Taper the ends of the log slightly to create the baguette’s typical “pointy” end. Use your hands and the back-and-forth rolling motion to gently taper the ends. Pinch seams and ends to seal.
Note: Keep your fingers damp to prevent the dough from sticking. Or sprinkle each rectangle with a little bit of flour, a very light dusting, so your hands don’t stick.
Note: See tips for shaping baguettes at https://youtu.be/ba2DHI299PU
Place each loaf on a lightly floured couche
Note: Once you’ve finished your final shape, let the dough proof before baking.
Transfer the shaped loaves to a lightly floured (sprinkled with cornmeal or all-purpose flour) lint-free cloth, large tea towel, or baker’s couche to rest.
Pull the cloth up around each loaf to create folds, a ridge between each baguette (think taco stand). This will help the dough maintain its shape while you let them rest for the final time.
You can top any with sesame seeds, poppy seeds or other toppings such as cheese or grilled onions.
When ready to be shaped, roll each dough ball into a 18X22.5cm (7″X9″) rectangle.
Use a sharp knife or a pizza cutter to cut the dough into thin strips. Slice each rectangle into 8 sticks of about 2.5 cm (1″) width.
Or you can make these any size you want, from thin to larger. Just adjust the cooking time.
Twist each stick if desired.
Place on a greased baking sheet (or parchment paper) with the dough distributed as evenly as possible, about 12 mm (1/2 inch) apart.
Cover the dough with a kitchen towel and let rise for 20 minutes to 1 hour. Just let it rise until it doubles in size.
Log/Hot dog buns
Decide whether you’d like to make your bread into small or bigger log loaves.

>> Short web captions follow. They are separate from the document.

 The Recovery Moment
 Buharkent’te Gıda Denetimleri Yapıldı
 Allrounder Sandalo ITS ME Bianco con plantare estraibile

Pull the dough into a log shape and again fold it under itself until it resembles a long bun shape.
Log with diagonal scores
Shape it into a log.
With a blade or a sharp knife, make diagonal (at a 10 to 30-degree angle) cuts 6-12 mm (¼- ½ inch) deep across the top of each loaf, leaving about 2.5 cm/1″ uncut on each end. Never cut it entirely across the top of the loaf.
Attention: The scoring process is done just before the loaf is put into the oven. Don’t try to change its shape or rise once the cuts are made.
Roll each ball out on a silicone mat (or flat, floured surface) until it’s about 13 mm/½ inch thick. Fold it in half and gently seal.
Cut into 16 even size squares and place them on two cookie sheets with parchment paper (or lightly greased).
Note: use a pizza cutter for quick, easy cutting without tearing the dough, which a knife would do.
Keep all the rolls with about a 5 cm/2” distance between them.
Cover them and let them rise for 40–50 minutes at a warm place (25-30°C/80-85°F) until doubled in size.
Butterhorns or crescent-shaped bread have been made since the Renaissance. The French version was named croissant and has become an identifiable shape worldwide.
Lightly grease a baking sheet and set aside.
Roll dough into a 30 cm/12-inch circle on a lightly floured surface.
Brush dough with melted butter.
Cut into wedges.
To shape rolls, begin at the wide end of the wedge and turn rolling towards the point.
Place rolls point side down, 5-8 cm/2-3 inches apart, on a prepared baking sheet. Cover, let rise and bake as directed.